Un livre, même signé par une célébrité, reste un pari financier. Kylian Mbappé a vendu 222 000 exemplaires de sa bande dessinée, alors que certains ministres peinent à écouler 600 exemplaires de leurs mémoires. Le budget pour les services d’une plume varie de 4 000 à 15 000 euros. Malgré la tentation de recourir à l’intelligence artificielle (IA) pour réduire les coûts, les éditeurs interrogés estiment que l’IA ne peut remplacer les compétences humaines et émotionnelles des plumes, qui sont comparées à des « sages-femmes » ou des miroirs émotionnels. L’IA peut aider à rédiger un argumentaire ou traduire un PowerPoint, mais pas à concevoir un livre porteur d’une expérience et d’une personnalité uniques.
Frédéric Massot, romancier et consultant éditorial, a testé l’IA avec sa compagne romancière : l’IA a reproduit le style, mais sans point de vue, narration ni émotion, produisant un texte standardisé et répétitif. Charlène Guinoiseau-Ferré, codirectrice des éditions Jouvence, a détecté l’utilisation de l’IA dans un manuscrit au style changé, ce qui pose trois problèmes : tromper le lecteur, des sources non vérifiées, et la question des droits d’auteur.
La mention du nom de la plume en couverture dépend du souhait des coauteurs et de la stratégie marketing. Certains romanciers préfèrent rester anonymes pour ne pas être catalogués, tandis que sur les livres politiques, la plume reste invisible, ce qui est perçu comme un marqueur de mépris de classe. En France, l’écrit est associé à l’aristocratie culturelle, et il est admis qu’un footballeur ait besoin d’une plume, mais pas un ministre. Le rôle des plumes est tabou en littérature, bien qu’il existe : Gabriel Katz a travaillé sur plusieurs romans, parfois en retravaillant jusqu’à 80 % d’un manuscrit, sans pour autant toucher de pourcentage sur les ventes, ce qui symbolise le manque de reconnaissance financière et la grande invisibilité du métier.

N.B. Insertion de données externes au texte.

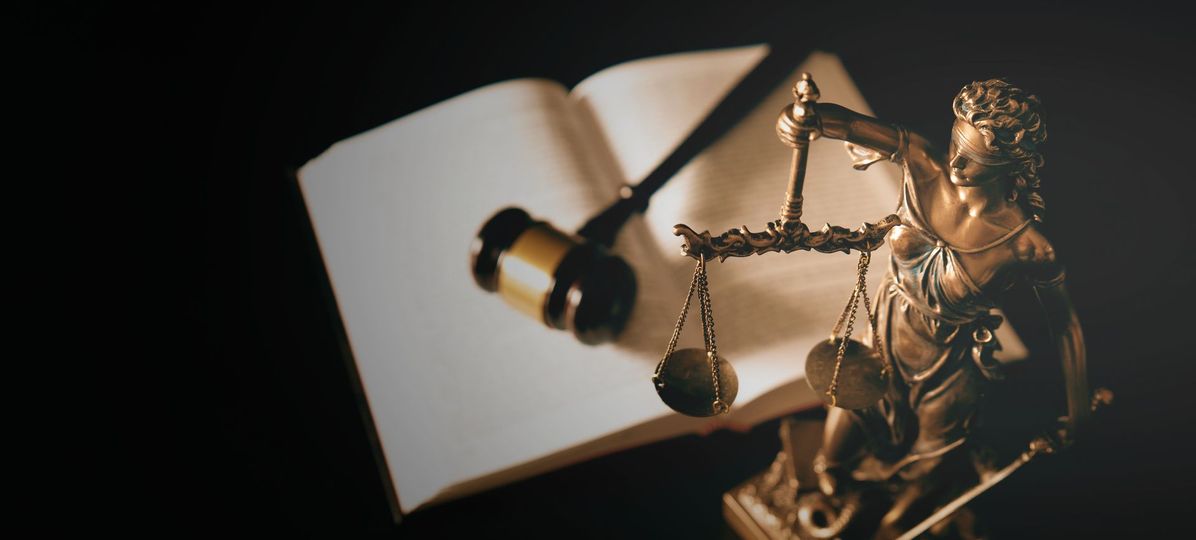 A statue of justice holding a scale and a gavel next to an open book.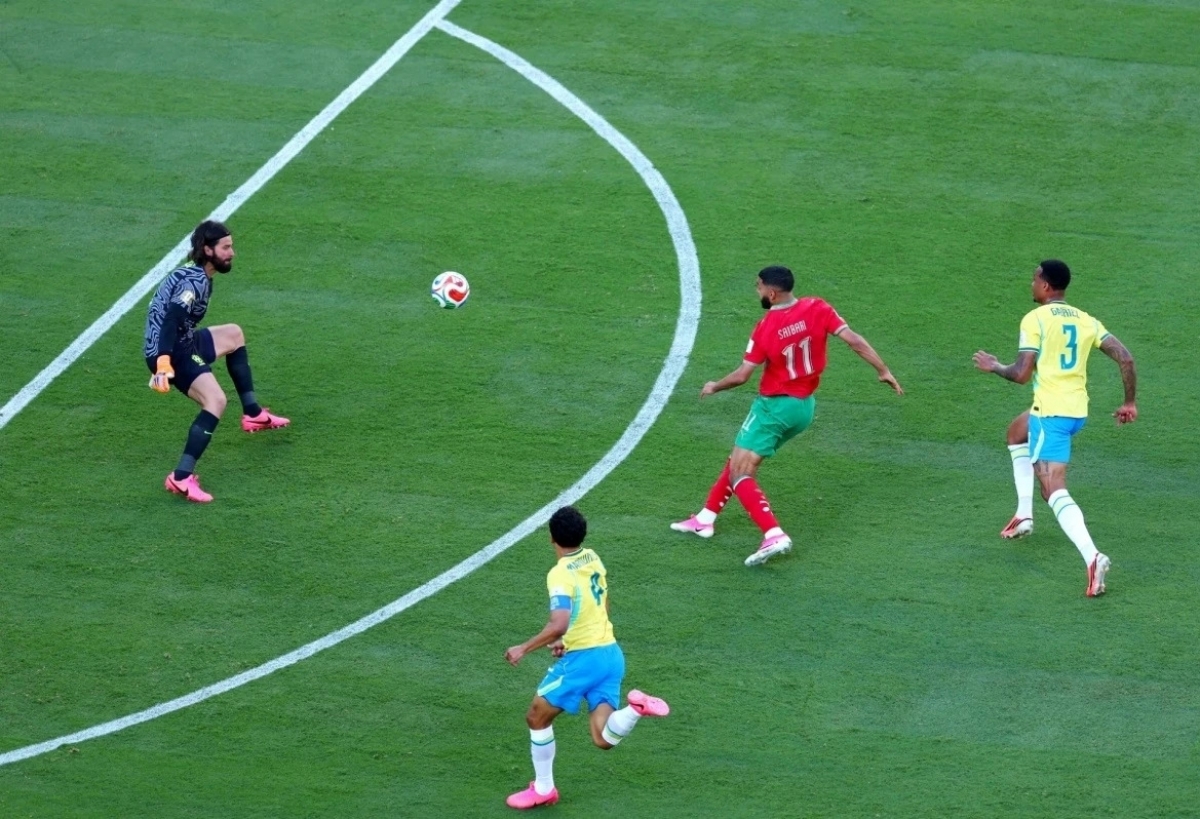Saibari (in red) chips the ball over the goalkeeper to score for Morocco at MetLife Stadium in East Rutherford, New Jersey, the US, on June 13, 2026. (Photo: Reuters)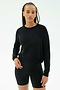 A woman wears the SPLITS59 Brooks Fleece Long Sleeve Sweatshirt in black, paired with fitted shorts, standing against a plain white background. Made in Los Angeles.
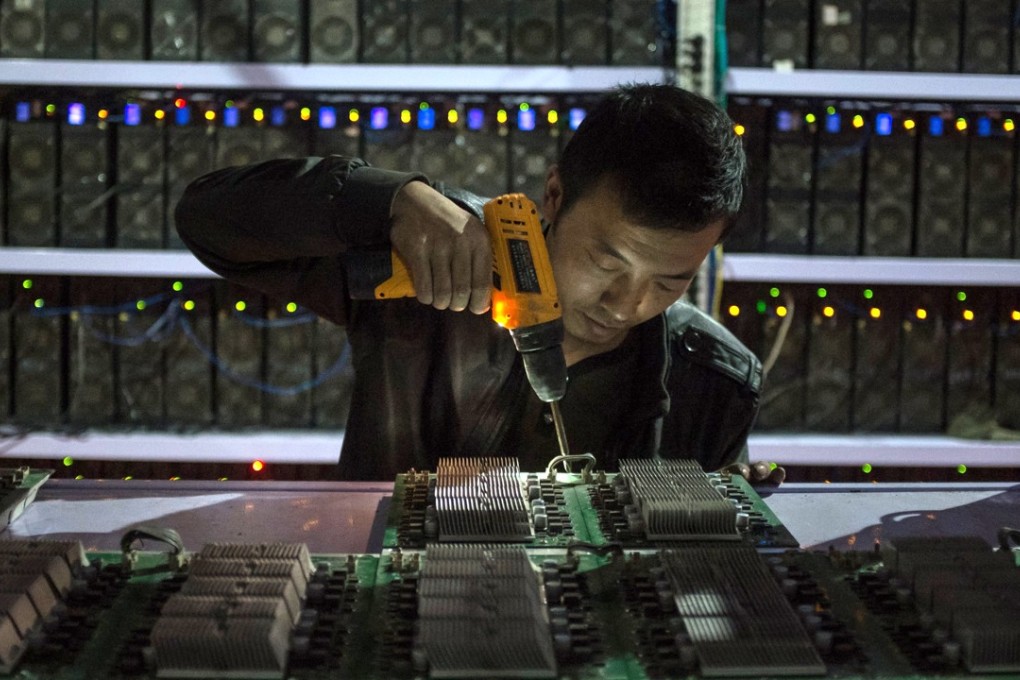 Nearly 70 per cent of all new bitcoin are mined in China in warehouses where massive numbers of microprocessors are used to solve complex maths problems, rewarding miners with the digital currency. Photo: EPA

Benjamin Castaldi, qui a publié six ouvrages coécrits et cosignés, insiste sur l’importance de la collaboration avec Frédéric Massot, qu’il considère comme essentielle et qu’il tient à mentionner en couverture. Il estime que l’IA ne peut remplacer ce travail d’équipe, fait d’émotion, de partage et d’amélioration mutuelle.
Enfin, une IA générative interrogée sur la question estime que l’IA ne remplacera pas les prête-plumes, qui apportent une voix unique et une profondeur émotionnelle que l’IA ne peut simuler. L’avenir serait à une collaboration entre humain et machine, l’IA assistant sans remplacer le talent du prête-plume.